Il ricorso al nucleare e al carbone non sembra preoccupare Gianni Silvestrini, direttore di “Quale energia” che indica, in un suo articolo sul giornale on line (del 4 maggio scorso, ndr) che : «Allo stesso prezzo dell’anidride carbonica il nucleare incrementerebbe solo di poco, dall’attuale 16% al 18%, la propria quota. Anche il sequestro dell’anidride carbonica al 2030 darebbe un contributo limitato. Allungando la valutazione alla fine del secolo si evidenzia come efficienza, rinnovabili e sequestro del carbonio siano le tre aree che presentano maggiori potenzialità di riduzione».

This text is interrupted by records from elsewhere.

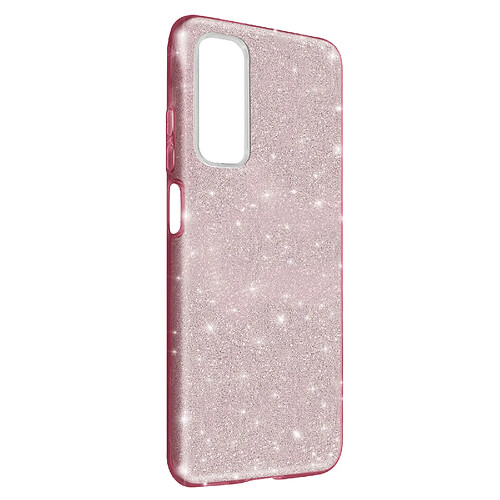 Avizar Coque Huawei P smart 2021 Paillette Amovible Silicone Semi-rigide rose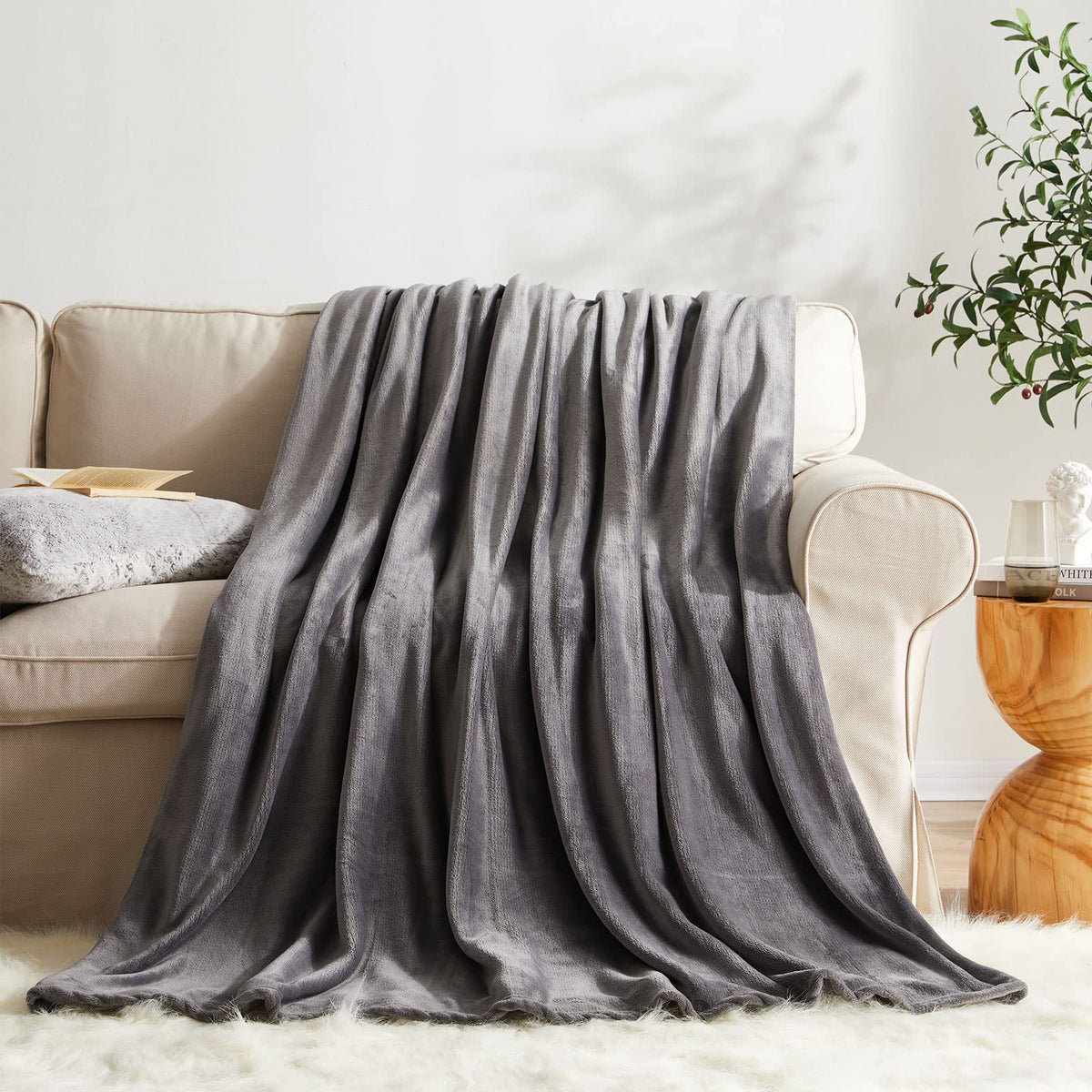 KMUSET Brown Throw Blanket Twin Size - Warm Cozy Soft Lightweight Blankets All Seasons Suitable 60 x 80 inches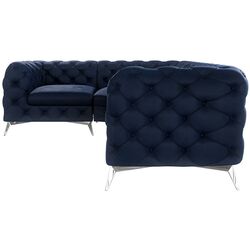Диван угловой Inspira Furniture Chelsea 1+C+2 Left Riviera 81 (Dark Blue/Silver) Thumb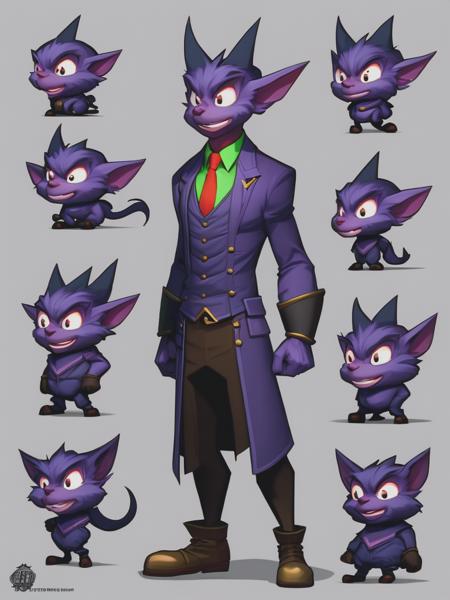 <lyco:CharacterDesign:1.0> cartoon, little hellish male imp for home duties including duties of land owner and administrator during their absence, reference sheet, Concept Art, Professional, Reference Sheet, illustration,Character Design Sheet, detailed Illustration of lupine character, Digital Art, Full-HD, 7 Segment Display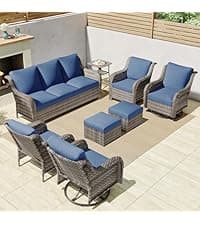 6 Piece Patio Furniture Set with Swivel Chairs, Side Table & Ottomans, Outdoor Conversation Set for Backyard, Deck, Porch, Poolside - Blue Comfortable Cushions in Mixed Grey Wicker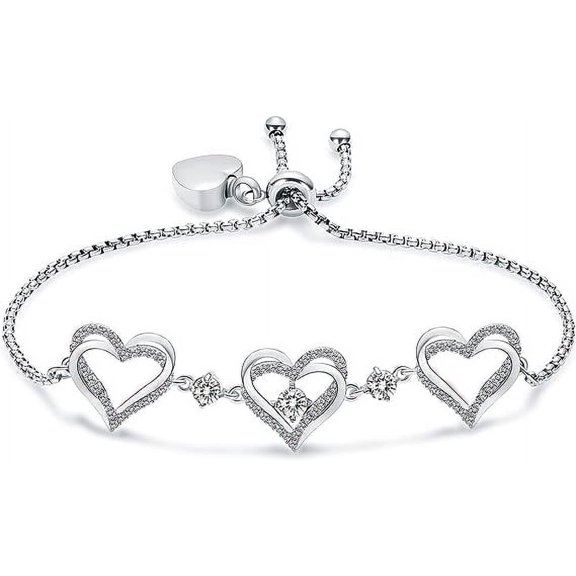 Birthstone Urn Bracelet for Ashes Heart Cremation Jewelry for Ash for Women Forever Love Cremation Bracelets Birthstone Memorial Urn Link Bracelet for Loved Ones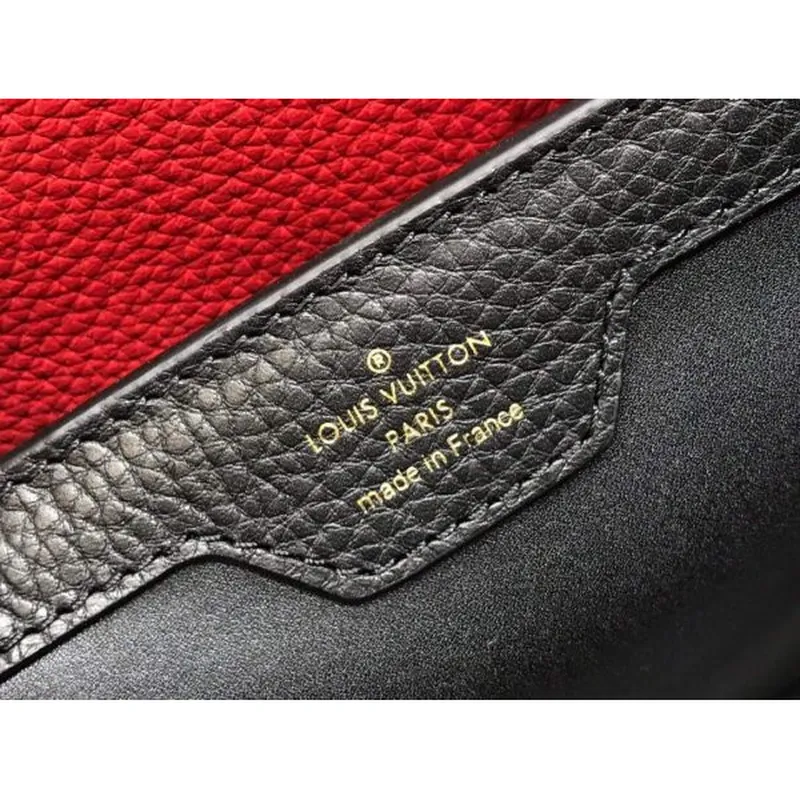 LV M48865 Louis Vuitton Capucines MM Kabelka Černá Červená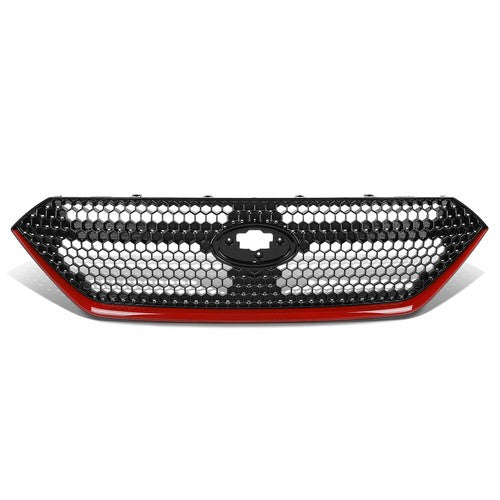 Solid Spare Fit For 2022-2024 Subaru WRX Front Bumper Grille Black & Red Grill Assembly
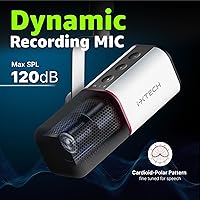 Vista 2 de Micrófono dinámico cardioide IXTECH con cubierta de micrófono, micrófono USB XLR vocal para podcasting, streaming, grabación, juegos y voz en off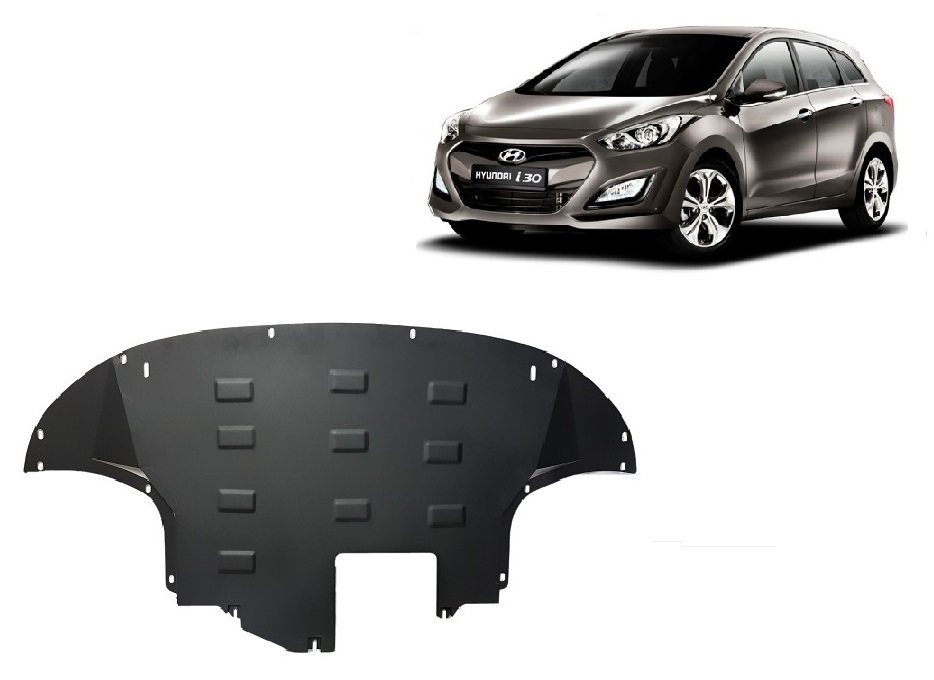Hyundai I30 (2017-2026) Engine, Front Bumper, Gearbox, Radiator Skid Plate - 2 mm Steel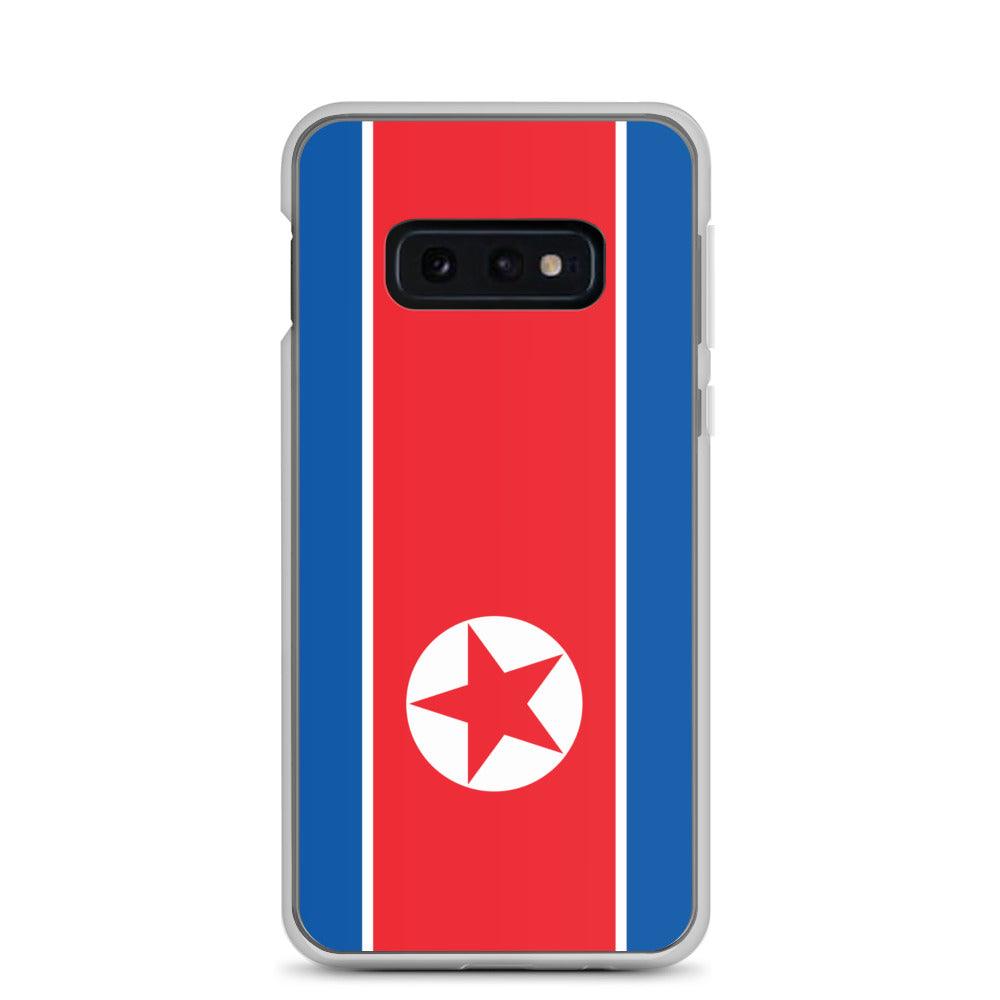 Coque de téléphone avec le drapeau de la Corée du Nord, en TPU flexible, offrant une protection élégante et durable.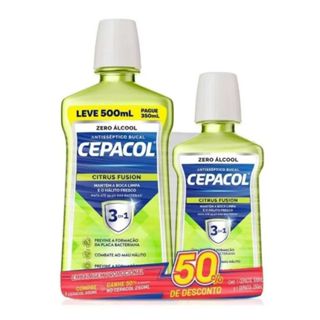 Kit Enxaguante Bucal Cepacol Citrus Fusion 500ml+250ml Zero Álcool em Oferta na Shopee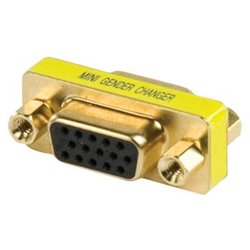 Mini adapter HD15 female/female - - gold plated gender changer,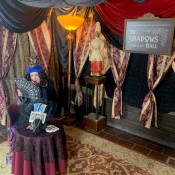 Fortune Teller Costume - woman dressed as a fortune teller with drapes and other decorations
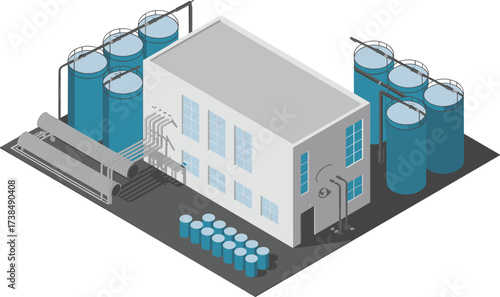Minimalist isometric illustration of industrial water purification plant, factory tanks, storage barrels, clean energy
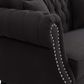 Vaucluse Buttoned Tuffed 2 Seat Sofa Charcoal W/ Studs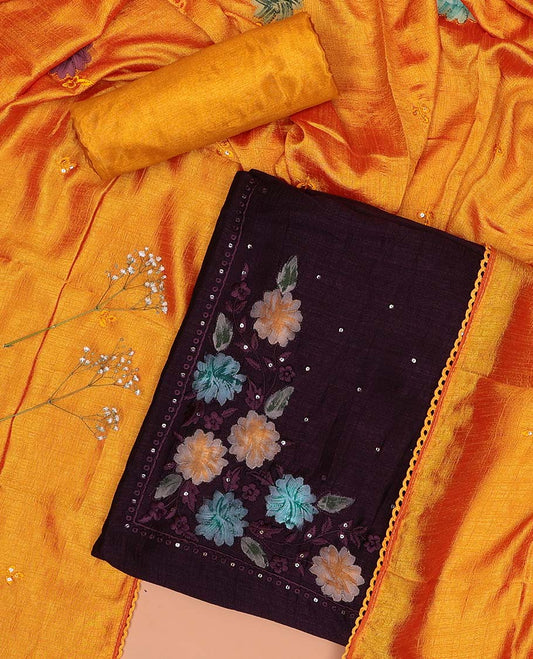 Violet chudidhar material set floral thread embroidered top with plain bottom & floral design dupatta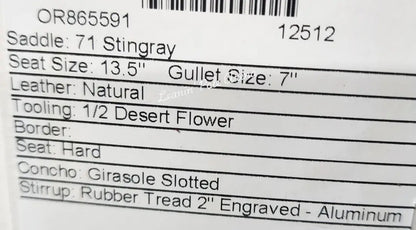 Martin Stingray 13.5’’ Barrel Saddle #12512 13.5’’ / 7’’ Barrel Saddle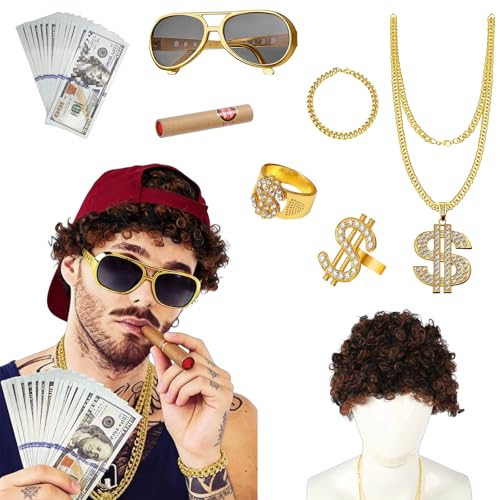 8 Stück,Hip Hop Kostüm Set,80er 90er Jahre Outfit Accessoiresmit Assi,Rapper Accessoires,Vokuhila Perücke Set, Hip Hop Party Kostüm Kit,Kostümfeste, Karneval Kostüm,Cosplay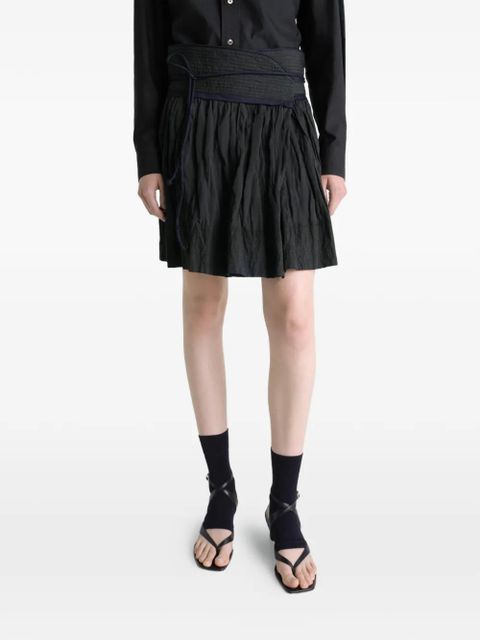 LEMAIRE crinkled wrap mini skirt - Black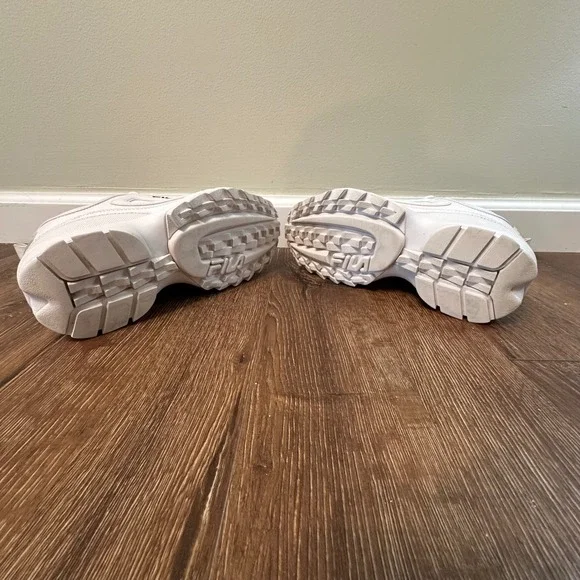 Fila Disruptor White Leather Chunky Sneakers Size 10 Athletic Walking - Picture 6 of 9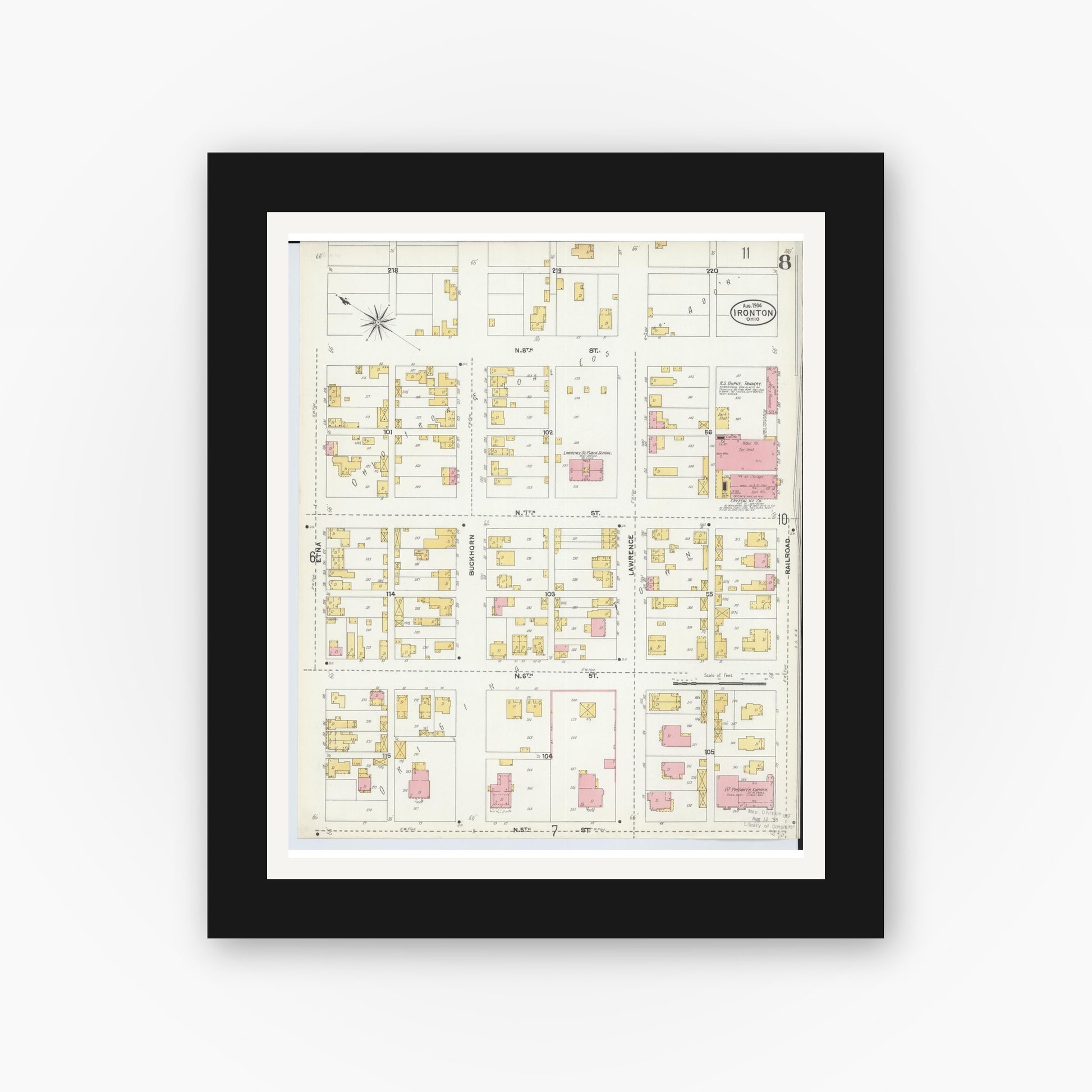 Old map wall art mockup — black gallery frame with white mat — Sanborn Fire Insurance Map from Ironton, Lawrence County, Ohio (1904), Sheet #0008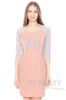Изображение 
            
                Платье для дома и сна розовый меланж / серый с принтом
            
                    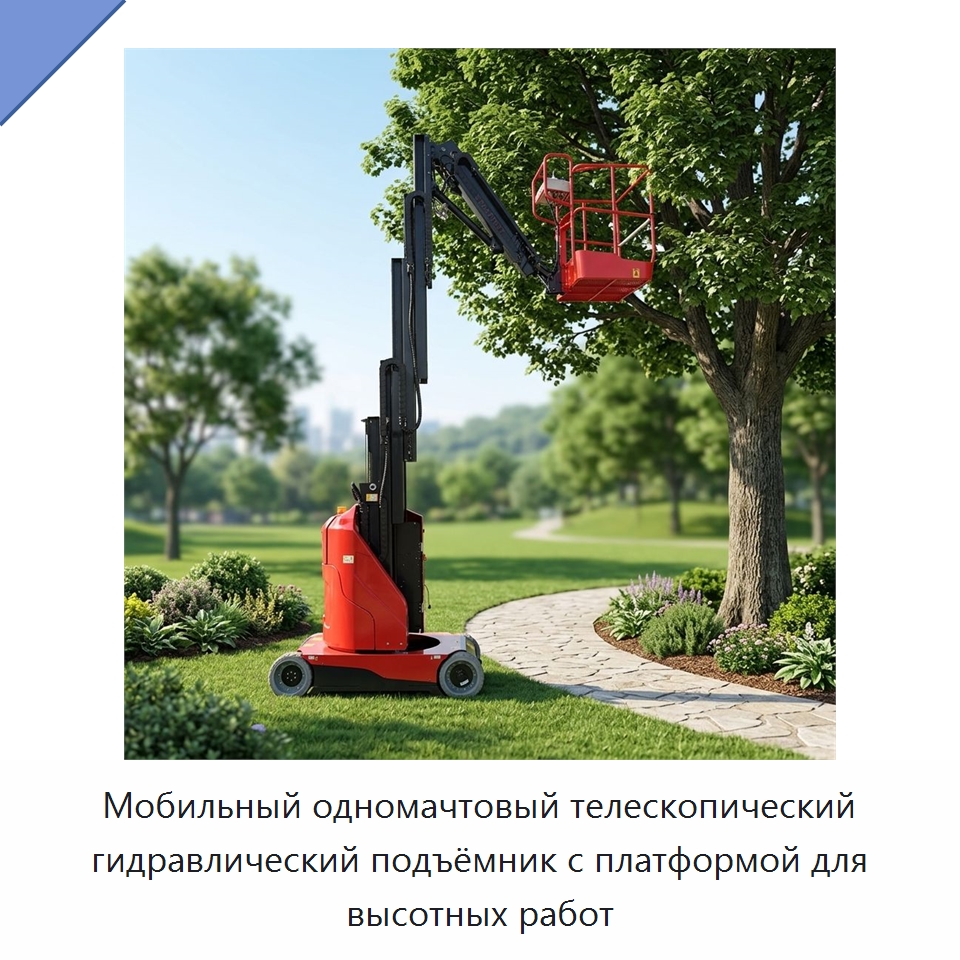Мобильный одномачтовый телескопический гидравлический подъёмник с платформой для высотных работ — Подъемные столы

Ma oltre al problema della sicurezza intrinseca del nucleare – che non verrebbe garantita nemmeno dalla quarta generazione pronta, secondo le stime, non prima del 2030 - e del fatto che, come già evidenziato, le tecnologie di sequestro del carbonio sono ancora in fase sperimentale, c’è un problema di tempi che le indicazioni date dall’Ipcc sembrano non tenere in considerazione.
Dal momento che lo stesso rapporto dell’Ippc dà tempi e scadenze per ridurre drasticamente le emissioni di gas serra, e che se non si farà niente nei prossimi 10-15 anni per abbattere massicciamente le emissioni di anidride carbonica, le conseguenze saranno già fortemente evidenti «che senso ha - scrive Massimo Serafini in un articolo su Aprile online sempre del 4 maggio ndr) - indicare fra le tecnologie utili al clima il nucleare, visto che per realizzare una centrale, anche superando gli enormi problemi di consenso e di costo che ha, ci vogliono almeno dieci anni? Stessa considerazione va fatta per quanto riguarda il sequestro del carbonio in modo da rendere possibile l´uso del carbone, una tecnologia ancora bisognosa di ricerca, nonché costosissima e quindi lontanissima dalla maturità».

E che ricadute avranno queste conclusioni del rapporto Ipcc nel nostro paese? Secondo Gianni Silvestrini cambia poco: «Contano gli ambiziosi impegni di riduzione del 20% entro il 2020 delle emissioni climalteranti, assunti a livello europeo dai Capi di Governo lo scorso 9 marzo. Semmai il rapporto Ipcc rende sempre più chiaro il livello di irreversibilità delle strategie di riduzione che dovranno essere avviate» scrive infatti sempre nell’articolo su Quale energia on line.

Ma non così ottimista sembra essere invece Serafini per il quale le conclusioni dell’Ippc con la presa di posizione degli Usa nei confronti di Kyoto, potrebbero continuare a favorire il procedere in ordine sparso a livello globale e «tutto ciò rende meno efficace la stessa decisione europea di procedere unilateralmente ad una riduzione delle emissioni del 20% entro il 2020». E indica che le tecnologie verso cui vanno indirizzate le scelte e le risorse per rendere credibili quegli obiettivi «sono quelle del risparmio e della efficienza energetica, nonché quelle che consentono di avere energia dal sole, dal vento e dalle biomasse».